Protein structure determination by electron diffraction of 3-dimensional protein microcrystals

Crystallographic methods for protein structure determination are well established and have provided valuable insight into the workings of the biological world. X-ray crystallography of three dimensional crystals has benefited from the development of high throughput screening methods, but the method still requires the production of large well ordered crystals. Crystal screening and optimization is an extremely time consuming bottleneck and many proteins, often of high biological interest, are simply not able to be crystallized. Electron crystallography of two dimensional crystals is a much more limited method applicable only to extremely thin two-dimensional crystals, usually composed of protein and lipid. This method has provided insight into the structures and protein-lipid interactions of some integral membrane proteins but is extremely low throughput and not broadly applicable. This work presents a new method for protein structure determination which is essentially a hybrid of these two methods. A focused electron beam is diffracted by very small three dimensional protein microcrystals allowing for diffraction data to be collected from crystals at least six orders of magnitude smaller than those used for traditional X-ray crystallography.
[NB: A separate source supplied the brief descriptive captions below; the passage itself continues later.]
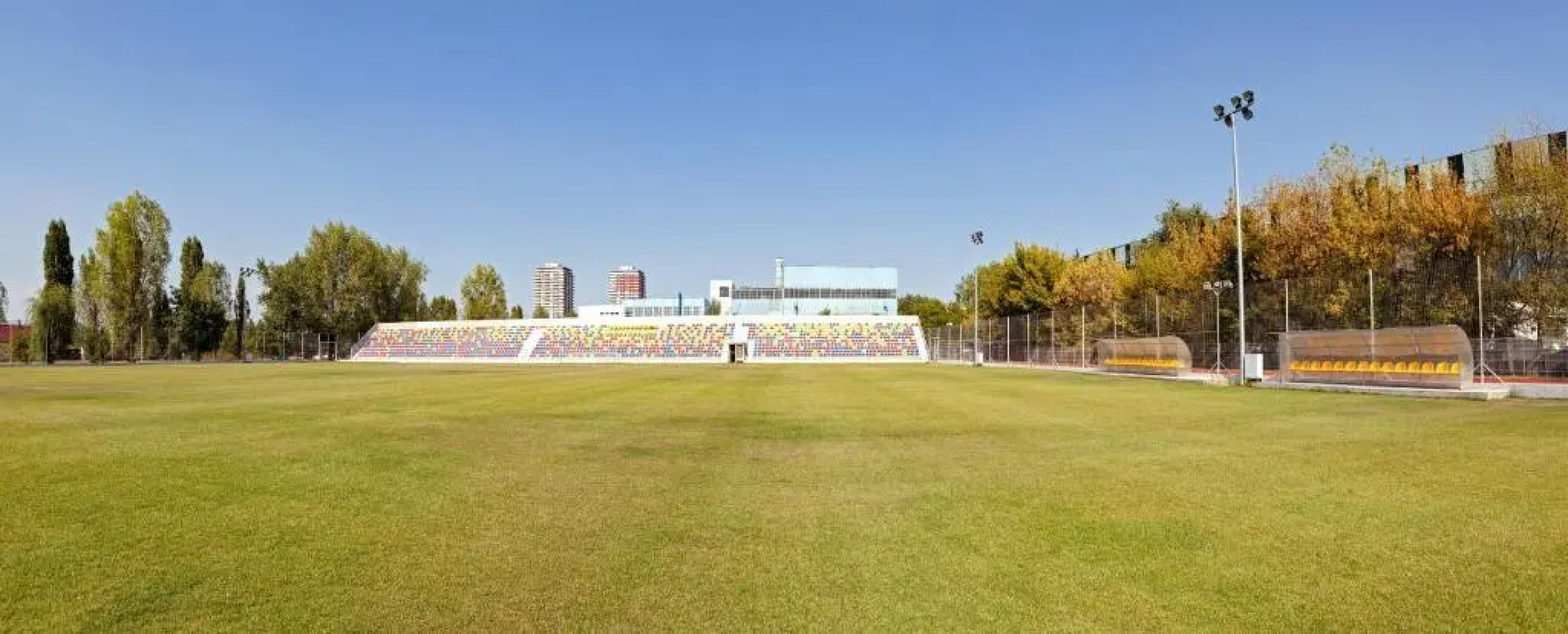 Premium Wellness Institute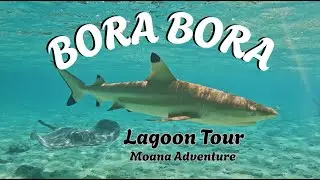 Lagoon Snorkel - Bora Bora - Moana Adventure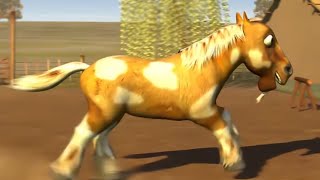 El Reino Meu cavalo Meu Bretão Percherón e mais Rimas Para Crianças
This method allows data collection and subsequent structure determination using crystals that would be considered 'initial hits' in a crystallization screen and would normally require a great deal of optimization before yielding data for structure determination. As proof of principle the structure of hen egg white lysozyme determined to 3.0 A resolution by microcrystal electron diffraction is presented. The procedures for data collection are detailed as well as an explanation of new software developed for processing the resulting data and possible future refinements and improvements to the technique. With further refinement microcrystal electron diffraction may prove useful for many proteins that are currently considered intractable because of their failure to form large well ordered three dimensional crystals.